The Pennsylvania House on April 26 voted 195-8 on a bipartisan basis to approve legislation that would cut the Commonwealth’s Corporate Net Income Tax (CNIT) to spur state-wide job and economic growth. The bill now advances to the Pennsylvania Senate for consideration.
“Today’s historic vote shows that Pennsylvania is open for business,” State Speaker of the House Bryan Cutler (R-Lancaster) said Tuesday. “This is a crucial step in ensuring we can attract and retain job creators of all sizes, growing family-sustaining careers across Pennsylvania.”
According to Pennsylvania House Republicans, the state has the second-highest corporate income tax rate in the nation with New Jersey’s ranking first. With neighboring states ranging from 6 percent to 7.25 percent, the Commonwealth is essentially eliminated from the list of states where companies are looking to relocate or expand, they said.
“Pennsylvania has too many attributes to consistently lose out to other states for investment and job growth, but that’s been the case for too long due in large part to excessively high CNIT,” President and CEO of the Pennsylvania Chamber of Business and Industry Gene Barr said earlier this month. “If reduced to a more competitive level, we can focus on enacting the policies that will jumpstart our economic recovery, train and retain a globally competitive 21st century workforce.”
If enacted, an amendment to House Bill 1960 would reduce Pennsylvania’s CNIT from 9.99 percent to 8.99 percent starting Jan. 1, 2023, and lower taxes for more than 93,000 businesses across the state.
Additionally, HB 1960 would continue to cut the CNIT rate by .5 percent annually for the next two years if the Commonwealth has a General Fund budget surplus of more than $500 million, according to lawmakers.
“This is strong pro-growth legislation that will provide good jobs for Pennsylvanians and stand up for taxpayers and Pennsylvania families,” said House Majority Leader Kerry Benninghoff (R-Centre/Mifflin). “This is legislation that, while just a start, will strengthen our communities, help stop our brain drain and bring investment into our state.”

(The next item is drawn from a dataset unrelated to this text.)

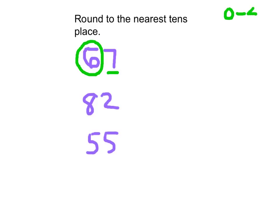The reason it goes up is as follows: 0 to 4, the circle stays the same; 5 to 9, add 1 is the game. And in this case, you add 1 to that circled number, so the 6 becomes a 7. And we place a 0 — we zero out after that circled digit.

Benninghoff said the House Republican Caucus is focused on passing legislation to make Pennsylvania the Envy of the East by ramping up its economy to drive investment, create family-sustaining jobs and grow communities.
The concepts in HB 1960, he said, have bipartisan support and are seen as being “critically necessary” to change the perception that Pennsylvania is not open to receiving additional investment.
“For many years, our state has been burdened by carrying the title of having the second-highest CNIT in the country,” Cutler explained. “This distinction has kept countless industries, companies and employers from investing and expanding in Pennsylvania. This bill levels the playing field as we compete to attract employers and industries to our Commonwealth.”
“We will never stop working to increase investment in Pennsylvania and grow our economy and there is more to come,” said Benninghoff.
For instance, as the state grows its economy and jobs, lawmakers “must also look to reduce the tax burden on our citizens, especially those who are working and experiencing record inflation,” Cutler said.
Toward that goal, the PA House also on Tuesday unanimously advanced legislation offered by Pennsylvania Rep. Jesse Topper (R-Bedford/Franklin/Fulton) to provide relief from prepaying Sales and Use Taxes to the state.
“Pennsylvania’s antiquated pay-in-advance tax collection scheme only serves to make the state tax code even more difficult for businesses,” Topper said. “This bill would give them some relief at a time when they need it most.”
Under the current system, Pennsylvania business owners must estimate each month how much Sales and Use Tax they think they may collect.
If enacted, HB 2277 would end Pennsylvania’s Accelerated Sales Tax (AST) prepayments, which are based on estimated sales tax collections, and business owners instead would remit to the state only the sales tax they actually collect, according to the bill.
“Though business owners base their estimates off the previous year’s collections, the estimates aren’t always accurate, forcing them to make an additional payment at the end of a tax period if they underestimated the amount of sales tax they actually collected,” Topper said. “This is a confusing practice that can easily be fixed by removing this odd prepayment requirement.”
HB 2277 also has advanced to the state Senate for consideration.